The LFG tool was in game day one. In the exact same unintuitive place, even. It’s just that nobody used it. Whan they added much needed categories to it, it became a staple… but stayed as a bulletin board, rather than automated group finder.

The biggest issue with the game has been balance, between classes, but also game modes, rewards, or just the investment required to find fun in core parts.
Healing has always been in game, but many took it as facetank everything and spam green. And no content challenged that, as control was immensely superior (which is also a clear indicator of older players, when they can say why dungeons and fractals were piss easy – because blind, reflect and multi staged attacks were bonkers, not because you could just throw 5 DPS head first into monsters).
Raids are interesting, if not for everyone, but it also pushed players to see that control and support are not to neglect. That’s a good way to expand the view of many without just gutting their builds.

Kenny_
Guest
Kenny_

Line with more hugs
It’s pretty telling. Complaints made against deicisions… when those complaints are adressed… throw your arms in the air and scream too late. You may as well not talk about anything at all.
The only thing I can probably make a resemblance to is; that one friend you have that insists that they’re right in the way they approach something. You highlight flaws, and issues in their logic, but they adamantly defend their corner. You find there’s no point in highlighting issues because it’s not going to change them, you realise they’re not the type of person you’d want to have around. Years later, you hear they’ve adopted your feedback, but…they still won’t say they were wrong, or take back pretty definitive statements, only that “On further inspection I made the choice because I wanted to”. I guess it just hits that level of irritation for some faster than others.

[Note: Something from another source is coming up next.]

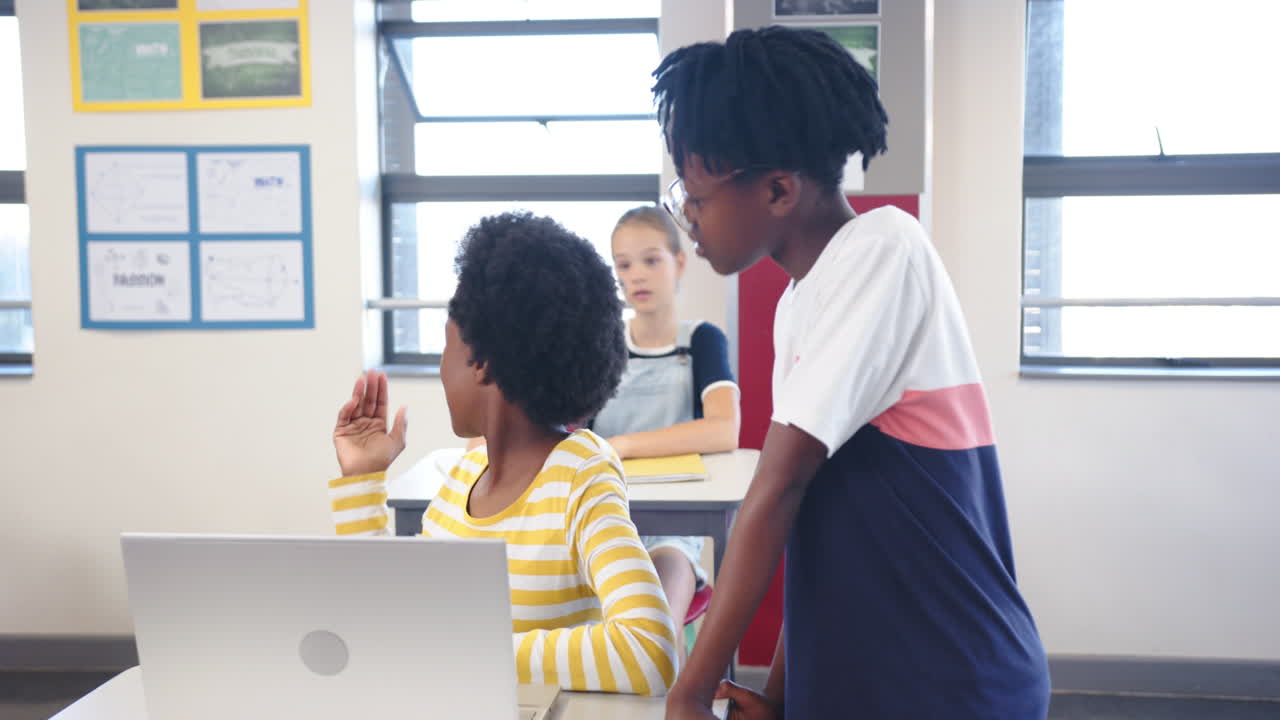 A scuola, due studentesse collaborano al portatile mentre un'altra studentessa passa.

Where is the flip flopping with a game that has done that since day one, and took flak each time for not being instanced enough, along having seasonal or one time events…Well, Personally, I find the notion of “We’re changing our philosophy again”…in itself is flip flopping. Some of the things I can say off the top of my head for the game, were things like: Not being interested in the aspect of a dedicated healer, to only have a class set that is pretty much a dedicated healer – the LFG tool was heavily opposed…. until someone else made one, then all of a sudden it was something worth adding in game. Even the blog post “Consistently Inconsistent” highlights some things that they were getting the community worked up for, only to say later on that they’re no longer going to even glance in it’s general direction.
There are some things they’ve stuck with, but it’s obvious they’re gradually shifting their philosophy to basically match what might work for them in the short term then updating it as they go along. (IE: If we can’t to X, lets start working on Y, and just tweak the philosophy to match that we want to focus on Y more).